Material for this exercise section start

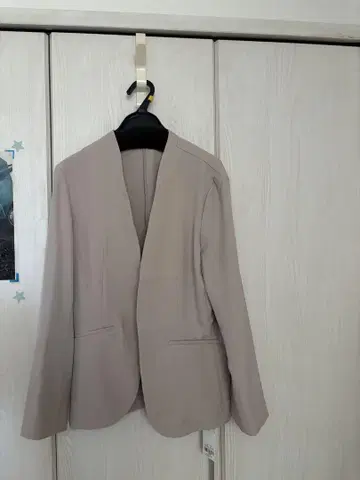 베이지 노카라 자켓
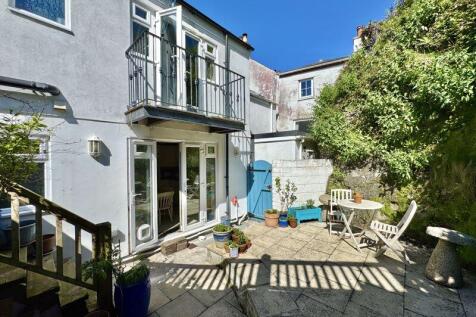 Sunny Rear Courtyard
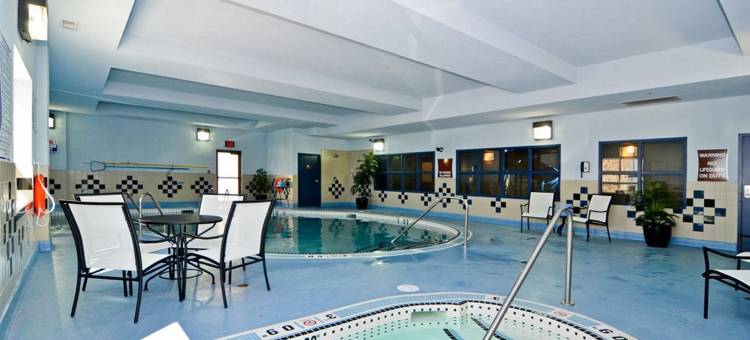 自由港贝斯特韦斯特精品套房酒店(Best Western Premier Freeport Inn Calgary Airport)图片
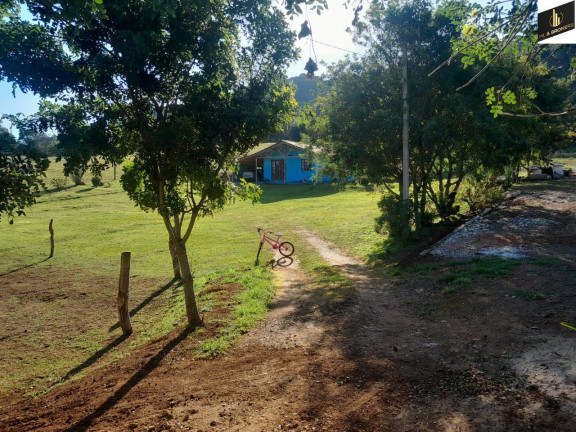 Imagem Imóvel com 2 Quartos à Venda, 19.517 m² em Zona Rural - Campo Magro Imagem Imóvel com 2 Quartos à Venda, 19.517 m² em Zona Rural - Campo Magro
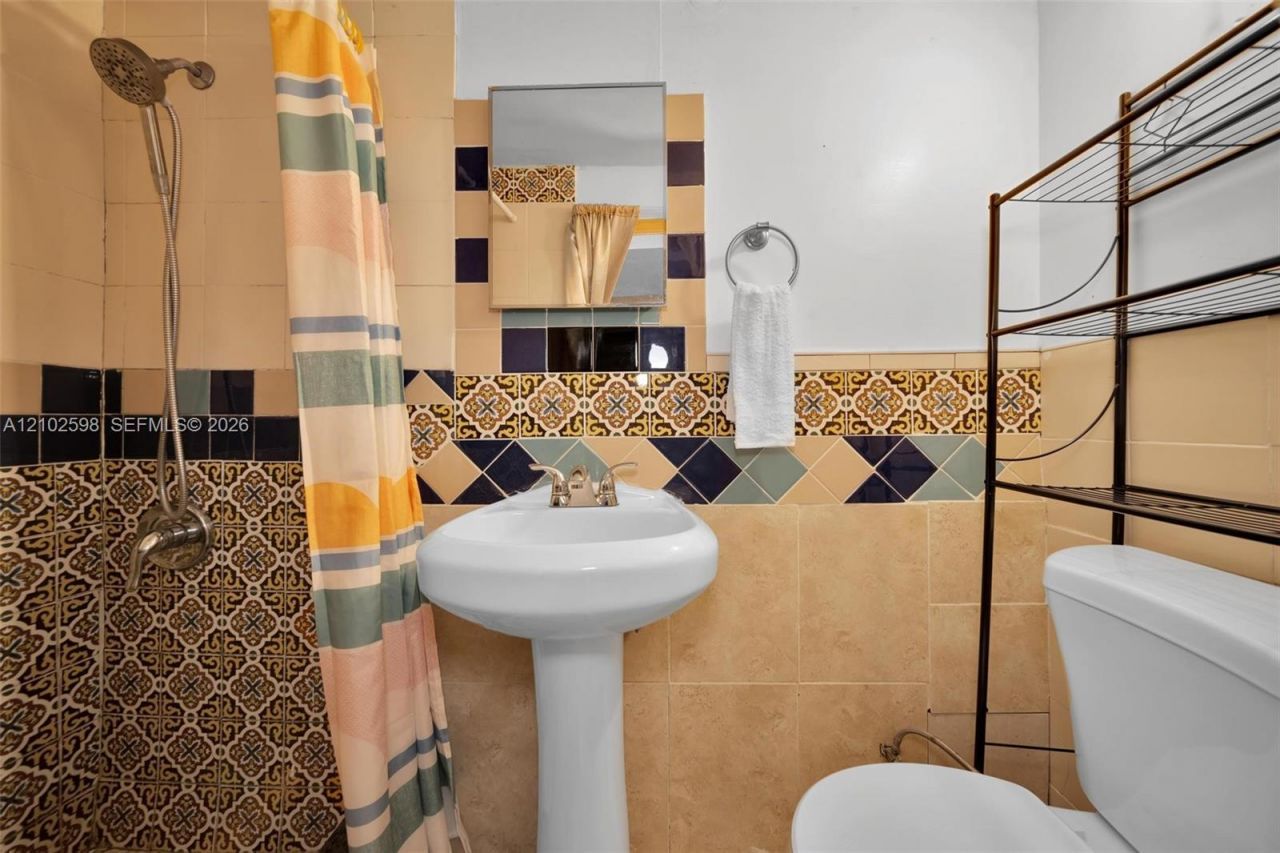 20106 NW 32nd Pl , Unit 1B, Miami Gardens, FL 33056 Photo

Material for this exercise section end

## Work request
Each line above should be set down exactly as written, with pictures excluded.

## Task response
 베이지 노카라 자켓
 Sunny Rear Courtyard
 自由港贝斯特韦斯特精品套房酒店(Best Western Premier Freeport Inn Calgary Airport)图片
 Imagem Imóvel com 2 Quartos à Venda, 19.517 m² em Zona Rural - Campo Magro Imagem Imóvel com 2 Quartos à Venda, 19.517 m² em Zona Rural - Campo Magro
 20106 NW 32nd Pl , Unit 1B, Miami Gardens, FL 33056 Photo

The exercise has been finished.